Coates’ essays have appeared in local and national publications, including the Village Voice, the Washington Post, The New York Times Magazine, Time Magazine, The New Yorker, and The Atlantic, where he was a national correspondent until 2018. His widely popular column at The Atlantic earned him a place on the TIME Best Blogs of 2011 list and the 2012 Sidney Hillman Prize for Opinion & Analysis Journalism. Among his many other accolades, he has been awarded a MacArthur Grant in 2015, and Between the World and Me won the National Book Award in 2015.
A big comic book fan since childhood, Coates was delighted when he was tapped by Marvel in 2016 to write the new Black Panther comic series in cooperation with the illustrator Brian Stelfreeze, and a new Captain America title with artist Leinil Yu.
Coates is currently a writer in residence at NYU’s Arthur L. Carter Journalism Institute. He is working on several projects, including a television project about Martin Luther King, Jr. and the Civil Rights movement, titled America in the King Years, produced by Oprah Winfrey to air on HBO, based on one of the volumes of the books of the same title by Taylor Branch.

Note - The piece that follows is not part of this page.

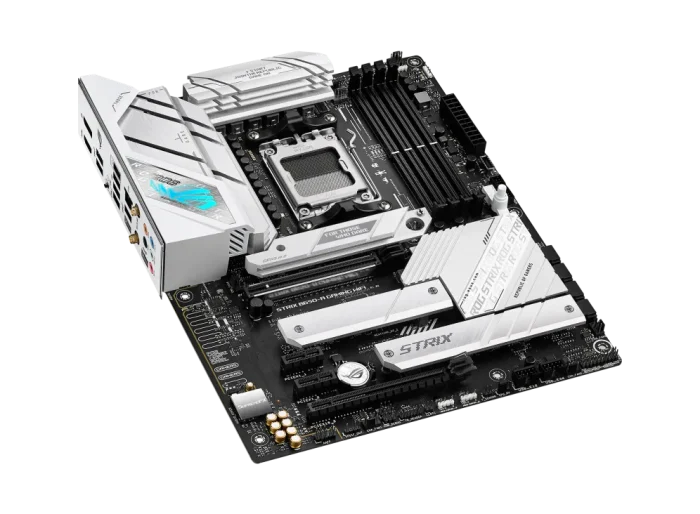 ASUS ROG STRIX B650-A GAMING WIFI | ATX | Socket AM5 | DDR5 128GB Max | Wi-Fi 6E - New - Image 5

This is Coates’ third appearance on the SAL stage.
Dr. Charles Johnson, our moderator for the evening, is a University of Washington (Seattle) professor emeritus and the author of 24 books, is a novelist, philosopher, essayist, literary scholar, short-story writer, cartoonist and illustrator, an author of children’s literature, and a screen-and-teleplay writer. A MacArthur fellow, Johnson has received a 2002 American Academy of Arts and Letters Award for Literature, a 1990 National Book Award for his novel Middle Passage, a 1985 Writers Guild award for his PBS teleplay “Booker,” the 2016 W.E.B. Du Bois Award at the National Black Writers Conference, and many other awards. The Charles Johnson Society at the American Literature Association was founded in 2020, Lifeline Theater in Chicago will debut its play adaptation of Middle Passage, titled “Rutherford’s Travels.” Dr. Johnson’s most recent publications are The Way of the Writer: Reflections on the Art and Craft of Storytelling, and his fourth short story collection, Night Hawks.